Nilgün T. Gümüş Yazdı: Mandela-Arafat kardeşliğinden soykırım davasına

0
3

Nilgün Tekfidan, bugünkü köşesinde Lahey’deki soykırım davasını ele aldı.

İSRAİL’e yönelik ‘soykırım’ davası dün Lahey’deki Uluslararası Adalet Divanı’nda başladı.

İsrail’in yargılandığı mahkemede ‘davacı’ koltuğunda Arap ya da Müslüman ülkeler değil, Güney Afrika vardı.

İsrail’in Gazze’de soykırım suçu işliyor olabileceğini öne süren ve ihtiyati tedbir kararı isteyen Güney Afrika, ünlü hukukçularından oluşan A Takımı’nı sahaya sürmüştü.

NİYE GÜNEY AFRİKA

İYİ de niye Arap ülkeleri değil de herhangi bir diplomatik ağırlığı olmayan Güney Afrika, Filistinlilerin davasını üstlendi?

İşte uluslararası medya bir süredir bu konuda yazıp çiziyor.

Aslında Filistin-Güney Afrika dostluğu daha Yaser Arafat ile Güney Afrika’nın siyah lideri Nelson Mandela’ya kadar geri gidiyor.

FİLİSTİN DAVASINA YAKIN

GÜNEY Afrika’da siyah çoğunluğa yönelik ırkçı apartheid rejimine karşı yıllarca mücadele veren, hapis yatan Mandela, her ne kadar İsrail’in kuruluşundaki Yahudi milis güçlerinin oluşumuna ilgi duysa da ezilmiş Filistinlileri dava arkadaşı olarak görüyordu.

Mandela, çeşitli suçlamalardan 27 yıl hapis yattıktan sonra 1990’da serbest kalmıştı. İki hafta sonra Zambiya’ya gittiğinde Afrika ülkelerinden birçok lider onu karşılamaya gelmişti.

Pistte Filistin Kurtuluş Örgütü lideri Yaser Arafat da vardı. Alamet-i farikası siyah-beyaz kefiyesiyle Mandela’yı kucaklamış, yanaklarından öpmüştü.

APARTHEID REJİMİNE ÖFKE

MANDELA, 1993 yılında yaptığı bir açıklamada lideri olduğu Afrika Ulusal Kongresi’nin (ANC) İsrail’in apartheid yönetimiyle işbirliği yapmasından ‘aşırı mutsuz’ olduğunu söylemişti.

ANC liderliği İsrail’in Güney Afrika’nın apartheid rejimine yıllarca silah desteği sağlamasını unutmamıştı. Kimine göre rejimin ayakta kalmasını sağlayan unsurlardan biri bu desteklerin sürmesiydi.

Filistin’deki Mandela heykeli önünde destek gösterileri yapıldı.

ARAFAT İLE DOSTLUK

1994 yılında Mandela, Güney Afrika’nın ilk demokratik seçilmiş lideri olduğunda yemin törenine gelenler arasında dönemin ABD Başkan Yardımcısı Al Gore, ABD first lady’si Hillary Clinton, Küba lideri Fidel Castro’nun yanı sıra Yaser Arafat da vardı. Al Jazeera’da yer alan bir analize göre ANC iktidar olduktan sonra da özgürlük mücadelesini sürdürdü. Mandela ise “Filistinlilerin özgürlüğü olmadan bizim özgürlüğümüzün eksik kalacağını çok iyi biliyoruz” diyordu.

RAMALLAH’TA HEYKELİ VAR

ARAFAT ve Mandela öldükten sonra da Güney Afrika’daki ANC iktidarının Filistin davası sürdü.
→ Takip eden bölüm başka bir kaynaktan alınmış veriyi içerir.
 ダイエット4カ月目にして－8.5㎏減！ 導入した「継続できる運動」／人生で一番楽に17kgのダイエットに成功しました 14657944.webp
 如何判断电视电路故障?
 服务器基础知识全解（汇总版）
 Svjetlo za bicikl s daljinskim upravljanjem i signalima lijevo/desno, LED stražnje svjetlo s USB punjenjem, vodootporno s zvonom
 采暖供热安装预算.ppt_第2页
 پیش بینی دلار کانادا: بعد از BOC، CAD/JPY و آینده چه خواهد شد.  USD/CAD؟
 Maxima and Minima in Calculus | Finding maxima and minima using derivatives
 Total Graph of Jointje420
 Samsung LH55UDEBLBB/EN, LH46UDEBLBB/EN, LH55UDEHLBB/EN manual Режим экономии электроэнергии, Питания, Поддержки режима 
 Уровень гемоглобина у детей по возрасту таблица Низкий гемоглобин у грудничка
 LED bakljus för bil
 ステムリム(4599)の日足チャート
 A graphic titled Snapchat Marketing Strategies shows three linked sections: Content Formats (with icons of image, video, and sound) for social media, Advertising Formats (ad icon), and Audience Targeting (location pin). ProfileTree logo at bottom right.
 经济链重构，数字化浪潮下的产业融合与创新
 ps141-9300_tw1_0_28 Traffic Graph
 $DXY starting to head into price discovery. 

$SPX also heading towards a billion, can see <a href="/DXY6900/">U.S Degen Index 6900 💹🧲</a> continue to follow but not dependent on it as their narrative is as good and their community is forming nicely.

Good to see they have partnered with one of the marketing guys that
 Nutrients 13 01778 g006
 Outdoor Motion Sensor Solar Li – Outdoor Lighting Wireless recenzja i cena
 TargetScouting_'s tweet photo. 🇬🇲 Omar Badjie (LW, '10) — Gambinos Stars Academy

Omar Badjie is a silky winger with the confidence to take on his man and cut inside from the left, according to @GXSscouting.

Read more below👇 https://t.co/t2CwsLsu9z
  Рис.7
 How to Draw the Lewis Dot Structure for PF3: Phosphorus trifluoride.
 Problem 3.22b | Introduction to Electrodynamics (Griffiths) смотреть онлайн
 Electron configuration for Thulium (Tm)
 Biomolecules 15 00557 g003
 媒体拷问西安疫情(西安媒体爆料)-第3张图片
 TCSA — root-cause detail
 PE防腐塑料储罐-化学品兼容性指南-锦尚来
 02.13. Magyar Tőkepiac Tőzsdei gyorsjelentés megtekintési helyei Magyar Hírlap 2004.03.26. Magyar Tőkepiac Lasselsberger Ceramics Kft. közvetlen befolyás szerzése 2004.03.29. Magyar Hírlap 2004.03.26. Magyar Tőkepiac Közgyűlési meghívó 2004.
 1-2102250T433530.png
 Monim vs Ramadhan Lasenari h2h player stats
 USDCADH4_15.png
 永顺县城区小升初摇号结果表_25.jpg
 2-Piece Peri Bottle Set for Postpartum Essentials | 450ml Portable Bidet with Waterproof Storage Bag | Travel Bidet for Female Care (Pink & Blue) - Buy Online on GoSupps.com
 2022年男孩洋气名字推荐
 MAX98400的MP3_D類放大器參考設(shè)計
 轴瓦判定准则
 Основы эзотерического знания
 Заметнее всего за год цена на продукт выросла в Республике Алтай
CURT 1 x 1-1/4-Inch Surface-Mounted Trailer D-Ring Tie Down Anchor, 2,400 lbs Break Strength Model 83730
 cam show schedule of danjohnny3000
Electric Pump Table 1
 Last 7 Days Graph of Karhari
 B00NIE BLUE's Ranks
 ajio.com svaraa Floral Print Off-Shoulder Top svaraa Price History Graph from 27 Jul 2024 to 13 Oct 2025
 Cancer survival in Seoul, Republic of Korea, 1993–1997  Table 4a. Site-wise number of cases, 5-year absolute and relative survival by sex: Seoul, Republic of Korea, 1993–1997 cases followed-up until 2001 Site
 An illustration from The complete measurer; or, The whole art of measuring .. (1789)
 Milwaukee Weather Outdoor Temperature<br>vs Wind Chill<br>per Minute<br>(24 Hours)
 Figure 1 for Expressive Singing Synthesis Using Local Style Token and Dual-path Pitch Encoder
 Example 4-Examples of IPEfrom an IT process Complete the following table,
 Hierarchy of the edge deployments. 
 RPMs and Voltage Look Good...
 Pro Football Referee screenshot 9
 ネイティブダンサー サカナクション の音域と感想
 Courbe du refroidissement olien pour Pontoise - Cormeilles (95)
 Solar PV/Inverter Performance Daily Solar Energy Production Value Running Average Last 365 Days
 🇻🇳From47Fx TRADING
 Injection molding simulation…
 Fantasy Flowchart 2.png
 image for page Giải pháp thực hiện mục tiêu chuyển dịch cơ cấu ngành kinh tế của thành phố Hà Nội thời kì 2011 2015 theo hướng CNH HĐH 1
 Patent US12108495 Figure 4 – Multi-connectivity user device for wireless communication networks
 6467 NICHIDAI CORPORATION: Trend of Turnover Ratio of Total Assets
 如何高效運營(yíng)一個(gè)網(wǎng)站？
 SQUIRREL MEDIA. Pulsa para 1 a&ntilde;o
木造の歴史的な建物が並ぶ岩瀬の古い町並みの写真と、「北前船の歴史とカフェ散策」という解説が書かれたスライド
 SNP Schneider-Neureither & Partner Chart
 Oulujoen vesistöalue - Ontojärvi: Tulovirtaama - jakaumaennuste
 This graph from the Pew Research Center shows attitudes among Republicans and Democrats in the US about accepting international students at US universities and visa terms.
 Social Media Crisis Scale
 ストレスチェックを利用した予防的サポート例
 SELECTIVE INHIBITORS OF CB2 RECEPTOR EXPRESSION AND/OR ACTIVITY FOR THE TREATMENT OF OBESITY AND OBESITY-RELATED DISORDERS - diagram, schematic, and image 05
Filistinliler de Mandela’nın 2013 yılındaki ölümü sonrasında Filistin’in Ramallah kentine heykelini dikti.

Lahey’deki soykırım davası öncesinde yine bu dostluğu hatırladı Filistinliler. Önceki akşam Ramallah’taki heykelin önünde toplanan bir grup Filistinli, teşekkür pankartı açtı. Güney Afrika’da da Filistinliler lehine gösteriler vardı.

HAMAS ÜYELERİ GİTTİ

NELSON Mandela’nın milletvekili torunu Mandla Mandela, her fırsatta “Filistinli kardeşlerimizle yan yana durmaya devam edeceğiz” diyor. Üç ay önce ise üç Hamas yöneticisini kabul etmesi ülkede tartışma konusu oldu.

AP Ajansı’na göre apartheid döneminde acımasızca ezilen siyah ve melez Güney Afrikalılar, Filistinlilere verilen desteğin ön saflarında yer alırken, beyaz azınlığın desteği o kadar belirgin değil.

SAVAŞI BİTİRİR Mİ

ADALET Divanı’ndaki yargı sürecinden bugünden yarına ‘soykırım işlendiği’ konusunda bir hükmün çıkması beklenmiyor. Ancak savaşın durmasına yönelik ihtiyati tedbir şeklinde bir kararın alınması talep ediliyor. Karar bağlayıcı kabul edilse de sembolik ağırlığının dışında herhangi bir yaptırım gücü bulunmuyor.

Birleşmiş Milletler Güvenlik Konseyi’nde savaşı durduracak ortak bir irade sağlanamazken bu kez Batılı ülkelerin ‘soykırım sayılmaz’ dediği bir ortamda yargının Gazze’deki acıları hafifletmeye yönelik bir karar alıp alamayacağı merak konusu.